Tuesday, October 18, 2011

California Indians Cremation Ceremony

California Indians Cremation Ceremony



George Gibbs, in Schoolcraft, states that among the Indians of Clear Lake, California, “the body is consumed upon a scaffold built over a hole, into which the ashes are thrown and covered.”
According to Stephen Powers, cremation was common among the Se-nél of California. He thus relates it.
The dead are mostly burned. Mr. Willard described to me a scene of incremation that he once witnessed, which was frightful for its exhibitions of fanatic frenzy and infatuation.
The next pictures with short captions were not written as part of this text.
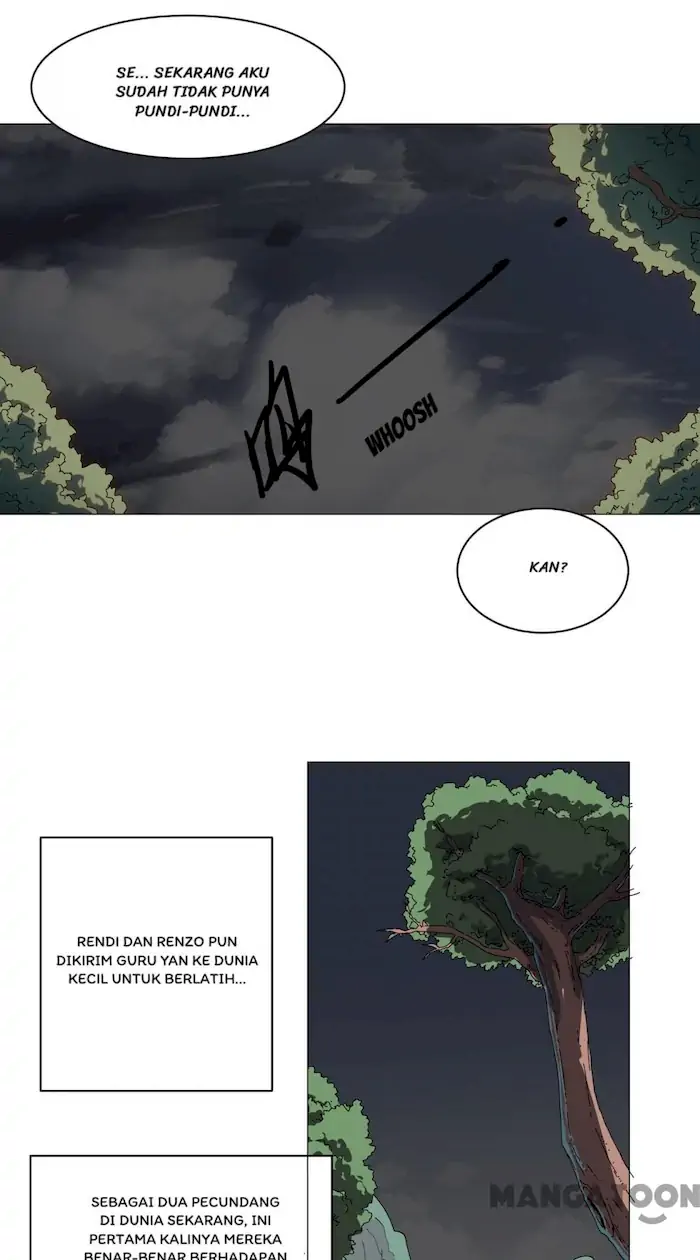 Cultivator Against Hero Society Chapter 129 Gambar 10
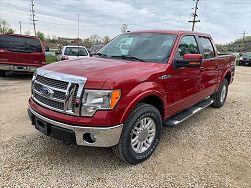 2009 Ford F-150 Lariat 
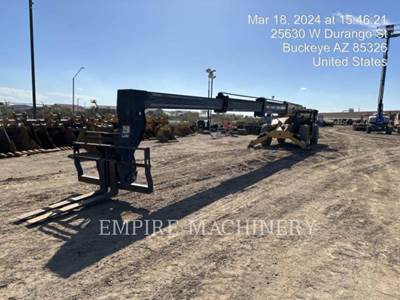 Caterpillar TL1255D Telehandler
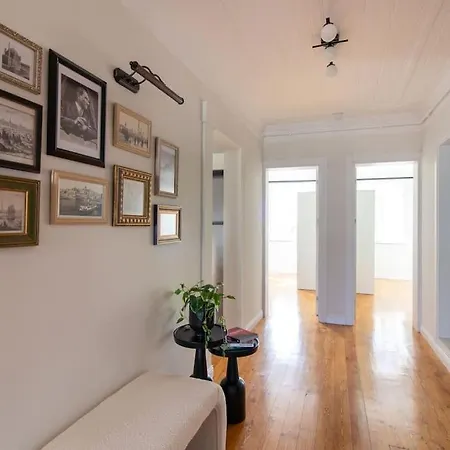 Appartement Historic 2br Gem In Downtown Sisli Ac In *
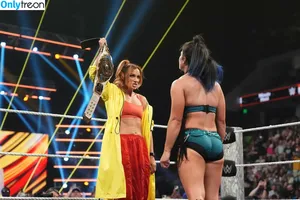 Becky Lynch / beckylynchwwe nude photo #0784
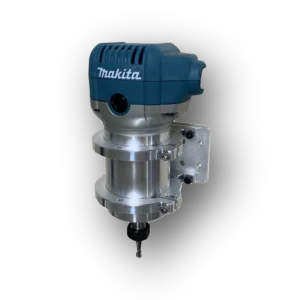 CNC Router/Spindle Mount Clamp Holder Kit for Makita RT0701C 1.25HP - DIY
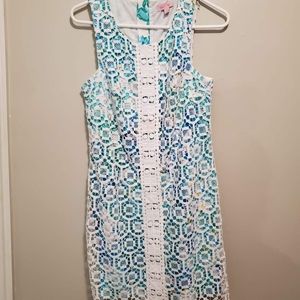 Sz. 4 Lilly Pulitzer Dress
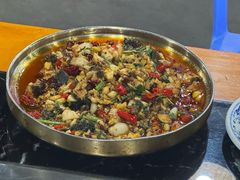 -石屏老字号4号包浆豆腐美食城(泼水广场店)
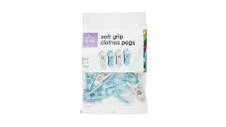 Soft Grip Pegs 24pk 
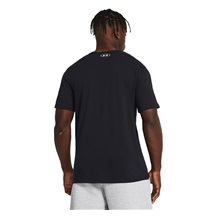 Under Armour Foundation Update pánské tričko, černé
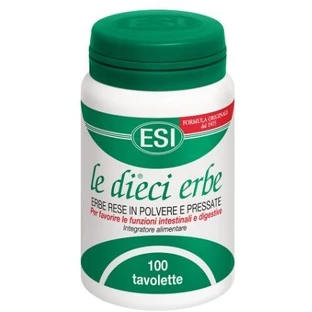 Esi 10 Herbs 100 таблеток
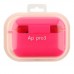 Футляр Silicone Case with microfibra для Airpods Pro 3 Футляр Silicone Case with microfibra для Airpods Pro 3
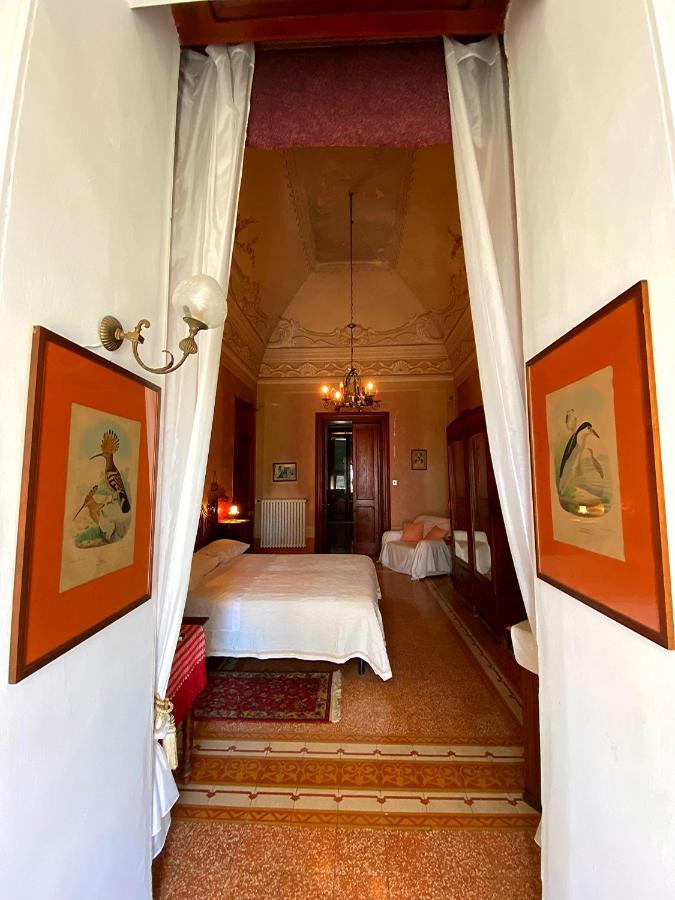 Palazzo Sabella Tommasi Βίλα Calimera  Εξωτερικό φωτογραφία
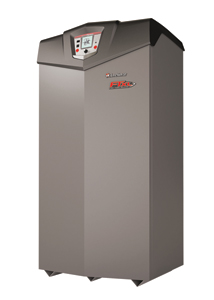 Lochinvar tube boiler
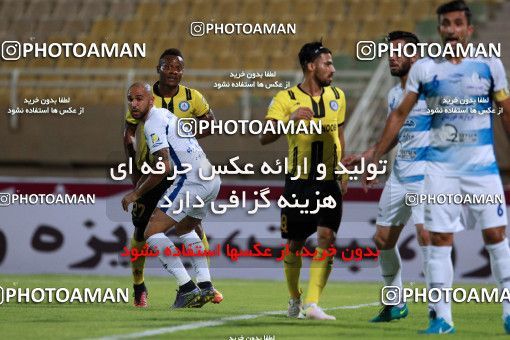 817980, Ahvaz, [*parameter:4*], Iran Pro League، Persian Gulf Cup، 2017-18 season، First Leg، Week 5، Esteghlal Khouzestan ۰ v ۱ Pars Jonoubi Jam on 2017/08/24 at Ahvaz Ghadir Stadium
The corpse was that of a wealthy chieftain, and as he lay upon the funeral pyre they placed in his month two gold twenties, and other smaller coins in his ears and hands, on his breast, &c. besides all his finery, his feather mantles, plumes, clothing, shell money, his fancy bows, painted arrows, &c. When the torch was applied they set up a mournful ululation, chanting and dancing about him, gradually working themselves into a wild and ecstatic raving, which seemed almost a demoniacal possession, leaping, howling, lacerating their flesh. Many seemed to lose all self-control. The younger English-speaking Indians generally lend themselves charily to such superstitious work, especially if American spectators are present, but even they were carried away by the old contagious frenzy of their race. One stripped off a broadcloth coat, quite new and fine, and ran frantically yelling and cast it upon the blazing pile. Another rushed up, and was about to throw on a pile of California blankets, when a white man, to test his sincerity, offend him $16 for them, jingling the bright coins before his eyes, but the savage (for such he had become again for the moment) otherwise so avaricious, hurled him away with a yell of execration and ran and threw his offering into the flames. Squaws, even more frenzied, wildly flung upon the pyre all they had in the world—their dearest ornaments, their gaudiest dresses, their strings of glittering shells. Screaming, wailing, tearing their hair, beating their breasts in their mad and insensate infatuation, some of them would have cast themselves bodily into the flaming ruins and perished with the chief had they not been restrained by their companions. Then the bright, swift flames, with their hot tongues, licked this “cold obstruction” into chemic change, and the once “delighted spirit” of the savage was borne up. ***
It seems as if the savage shared in Shakspeare’s shudder at the thought of rotting in the dismal grave, for it is the one passion of his superstition to think of the soul, of his departed friend set free and purified by the swift purging heat of the flames not dragged down to be clogged and bound in the mouldering body, but borne up in the soft, warm chariots of the smoke toward the beautiful sun, to bask in his warmth and light, and then to fly away to the Happy Western Land. What wonder if the Indian shrinks with unspeakable horror from the thought of burying his friend’s soul!—of pressing and ramming down with pitiless clods that inner something which once took such delight in the sweet light of the sun! What wonder if it takes years to persuade him to do otherwise and follow our custom! What wonder if even then he does it with sad fears and misgivings! Why not let him keep his custom! In the gorgeous 148landscapes and balmy climate of California an Indian incremation is as natural to the savage as it is for him to love the beauty of the sun. Let the vile Esquimaux and the frozen Siberian bury their dead if they will; it matters little, the earth is the same above as below; or to them the bosom of the earth may seem even the better; but in California do not blame the savage if he recoils at the thought of going underground! This soft pale halo of the lilac hills—ah, let him console himself if he will with the belief that his lost friend enjoys it still! The narrator concluded by saying that they destroyed full $500 worth of property. “The blankets,” said he with a fine Californian scorn of much absurd insensibility to such a good bargain, “the blankets that the American offered him $16 for were not worth half the money.”
After death the Se-nél hold that bad Indians return into coyotes. Others fall off a bridge which all souls must traverse, or are hooked off by a raging bull at the further end, while the good escape across. Like the Yokaia and the Konkan, they believe it necessary to nourish the spirits of the departed for the space of a year. This is generally done by a squaw, who takes pinole in her blanket, repairs to the scene of the incremation, or to places hallowed by the memory of the dead, when she scatters it over the ground, meantime rocking her body violently to and fro in a dance and chanting the following
chorous:
Hel-lel-li-ly,
Hel-lel-lo,
Hel-lel-lu.
This refrain is repeated over and over indefinitely, but the words have no meaning whatever.